C’est une lettre édifiante, partagée des milliers de fois sur les réseaux sociaux. Un plaidoyer en faveur de l’éducation attribué à Oscar Tabarez, le sélectionneur de l’équipe de football uruguayenne. « Cela ne sert à rien d’être champions du monde si nos jeunes ne savent pas où est située la Russie ou pourquoi il y a autant de jeunes originaires d’Afrique dans la sélection française. Il serait temps de tenir la promesse d’atteindre 6 % du PIB en faveur de l’éducation publique », lit-on depuis le 27 février dans divers médias français, italiens ou sud-américains.

Pourquoi c’est faux

Mais, toute inspirante soit cette phrase, le sélectionneur de la Celeste ne l’a jamais prononcée.
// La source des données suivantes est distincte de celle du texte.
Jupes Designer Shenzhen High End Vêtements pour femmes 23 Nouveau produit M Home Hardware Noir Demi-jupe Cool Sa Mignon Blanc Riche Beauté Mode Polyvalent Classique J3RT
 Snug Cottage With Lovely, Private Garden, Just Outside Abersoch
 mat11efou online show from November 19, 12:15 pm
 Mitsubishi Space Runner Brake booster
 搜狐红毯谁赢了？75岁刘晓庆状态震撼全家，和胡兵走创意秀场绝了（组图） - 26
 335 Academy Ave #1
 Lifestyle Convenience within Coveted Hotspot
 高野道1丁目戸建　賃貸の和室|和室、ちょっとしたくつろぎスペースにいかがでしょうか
Le démenti n’est pas venu de Tabarez lui-même – qui est absent des réseaux sociaux – mais de sa fille, Tania Tabarez, journaliste pour la chaîne uruguayenne TV Ciudad. Le 25 juin, cette dernière a publié sur Twitter un message pourfendant la rumeur, avant d’indiquer aux sites qui l’avaient partagée que cette lettre – contenant de nombreuses fautes d’accord – était apocryphe. :

« Si vous inventez une lettre de mon père, pourriez-vous au moins faire en sorte qu’elle ne contienne pas de fautes d’orthographe ? Ne partagez pas sans vérifier. »

Il est en effet difficile d’imaginer qu’Oscar Tabarez commette des fautes d’orthographe : avant d’être sélectionneur de l’équipe uruguayenne de football, celui qui a mené la Celeste jusqu’aux quarts de finale était maître d’école en primaire – des fonctions qui lui ont valu le surnom de « Maestro ».

Trop tard : la fausse lettre avait déjà fait le tour du monde, voyageant dans des milliers de messages sur les réseaux sociaux, mais également sur des sites d’information français – à l’instar de So Foot ou de Yahoo Sport. On en retrouve également trace au Brésil, ou sur des sites d’information italiens.


Le site argentin Contrapoder, qui avait été l’un des premiers à diffuser l’information, a depuis publié un article rectificatif. « Nous ne pouvons que nous excuser d’être tombés dans le même piège que tant d’autres médias, qui ont reproduit la lettre en pensant qu’elle était authentique », précise le démenti.